Edit speech-recog.sh and do the same thing (remove: “–sample-rate 16000”)

4.) You may get the following error:
“voicecommand: error while loading shared libraries: libboost_regex.so.1.49.0: cannot open shared object file: No such file or directory”
https://www.raspberrypi.org/forums/viewtopic.php?p=1275083#p1275083

Solved via the above article:
sudo ln -s /usr/lib/arm-linux-gnueabihf/libboost_regex.so.1.62.0 /usr/lib/arm-linux-gnueabihf/libboost_regex.so.1.49.0

5.) Need to fix the default TTS script (/usr/bin/tts)
Fix is in the comments. Copy/paste this code overriding /usr/bin/tts
https://github.com/StevenHickson/PiAUISuite/issues/56#issuecomment-205715002

Test it in a command line:
tts “testing 123”
You should here that repeated back to you if its all good.

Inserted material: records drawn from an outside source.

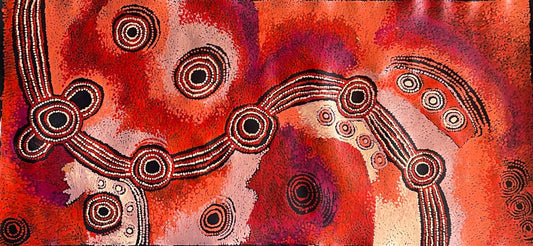 A canvas painting by Teresa Baker featuring abstract geometric patterns with predominantly red and black colors, representing the creation story of Minyma Malilu Tjukurrpa.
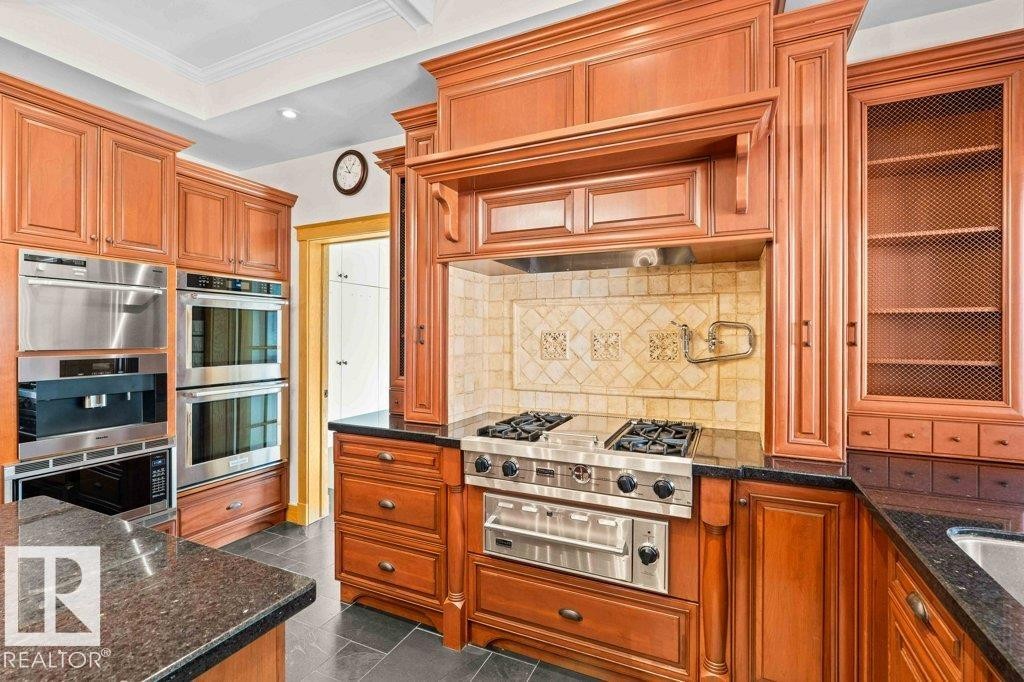 Kitchen with granite countertops, custom tile backsplash, Miele, Subzero and KitchenAid appliances featuring trash compactor, dual wall ovens plus garburator. - 738 Wheeler Road, Edmonton, AB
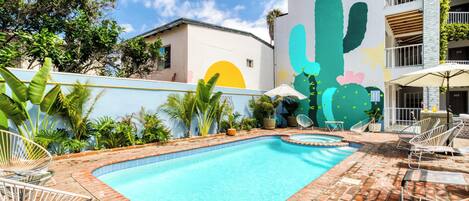 A swimming pool with a brick border, surrounded by lounge chairs and umbrellas, with a mural of cacti and a sun on the adjacent wall.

6.) Test your voice commands. Go into the PiAUISuite/VoiceCommand/ folder
./speech-recog.sh

Then speak a word. It should print it out below if speech to text is working properly.

7.) Go to your user directory (cd ~) and test it all out. Commands will be in the “.commands.conf” file.
Run the following to put it into loop/listen mode.
voicecommand -c

From that point on, we just wrote scripts that execute when our command is spoken (ie: “Go Flyers”). The python scripts execute specifically for whatever team event you want to celebrate.

We use an MP3 sound clip for the actual horn/music clip and then ensure that our “party light” actions are synchronized to the lenght of the clip.

We had initially wanted to go cheap and use “Sengled” smart bulbs. We could find no real documentation on anyone controlling them from an API (that was still being maintained). We took one look at Phillip’s Hue environment and were blown away by the sheer number of API wrappers in Python as well as the documentation at Phillips. With that documentation and QHUE’s wrapper, we were able to get the lights working in a matter of minutes.

Our project notes:

1.) We noticed that if we hit the lights really hard by changing them without any sorts of pauses, they would “stop”. It would take them a few minutes to reset. We were not sure if that was because of the distance to the hub, wifi issues or maybe a limitation of the actual hub itself. When we added smaller “sleeps” it seemed to fix the issue.

Please note, we are die-hard Flyers fans. A member of our families is a diehard Phillies fan, so we had to make a script for the Phillies. (They insist that the Phillies version came out better.)

The test script are in our Git Hub: https://github.com/jtsSTECH/SportsPartyScripts

The new script (see below: voicestech.py) has greatly improved the processing of commands and we don’t need to shout into the microphone anymore as I was doing in the video.

Part II:

The voicecommand module was entirely too slow for our responses. We really didn’t need the answering system (similar to Alexa), but really just wanted it to sample sound every few seconds and see if our keywords were detected.
We changed up the included “speech-recog.sh” script from the voicecommand.

The code is in the “voicestech.py” found on our Git Hub account (https://github.com/jtsSTECH/SportsPartyScripts)

Part III:

As an alternative, we triedy using PocketSphinx so we would have a more local connection and not be dependent on Google.
After a considerable amount of effort, sadly it did not pan out.

1.) Followed the directions from the official website.
https://cmusphinx.github.io/wiki/raspberrypi/

2.) https://www.codesofinterest.com/2017/03/python-speech-recognition-pocketsphinx.html

pip install SpeechRecognition

3.) We built some test script and put it into a loop.  The performance just was not there.  Our Pi just could not keep up with the trans-coding rate.